A high level of hs-CRP has been found to be predictive of incident fractures. Although the mechanism of actions is not fully understood, it is suggested that cytokines increase the activation of osteoclasts by increasing the expression of RANKL and macrophage colony-stimulating factor (M-CSF) and decreasing osteoprotegerin production [25]. Thus, one would expect markers of inflammation as CRP to be associated with CTX levels, but we find that CRP is negatively associated with P1NP levels, suggesting that inflammation may also affect osteoblast activity.

Strengths

The data and materials used in this sub-study come from the CIMT trial which is a randomized, placebo-controlled blinded design with 18 months follow-up. Recruitment of a substantial number of participants from several hospitals in a defined geographical area is also a strength. Inclusion of gender, age, vitamin D, smoking, BMI, duration of T2DM, HbA1c and insulin treatment made it possible to give a more complete picture of the effects on bone turnover assessed with P1NP and CTX.

Limitations

A limitation is this being a post hoc analyses to a previously performed trial designed to evaluate a different primary outcome.
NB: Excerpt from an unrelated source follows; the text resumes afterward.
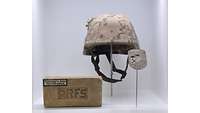 Gefechtshelm mit Helmbezug in Wüstenflecktarn davor ein Ziegelstein mit eingeprägtem Schriftzug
CTX was used to evaluate the effects on bone resorption. But in view of increased collagen glycation in diabetes [3] interpretational differences might exist with use of collagen based turnover markers compared to measures in people without diabetes. About 80% of the participants were treated with metformin and about 65% were treated with insulin before the trial started, and the results could have been different if drug-naive participants had been included. Both randomization groups aimed for an HbA1c ≤ 7% (≤ 53 mmol/mol) which resulted in a difference in insulin dosage (Metformin + Insulin, 102 [95% CI 91–115] IU/day, and Placebo + Insulin, 138 [95% CI 123–155] IU/day and weight gain in the two groups [13]. The study did not regulate supplement use, e.g., calcium and vitamin D, or treatment with other medications which could affect bone remodeling. The participants were predefined as > 30 years and BMI of 25 to 40 kg/m2 and the results can therefore not be extrapolated to metformin treated patients with normal weight.

Conclusion

In conclusion, we find that during 18 months of treatment with metformin or placebo, both in combination with insulin, bone turnover increased in both groups. But the pattern was different, as bone formation (P1NP) increased less during the metformin treatment, while the group difference change in bone resorption (CTX) was not significant, but of a similar magnitude. Insulin combined with metformin may possess bone anabolic properties larger than metformin alone. BMI and HbA1c may influence resorption activity while insulin dosage and CRP may also influence bone formation activity.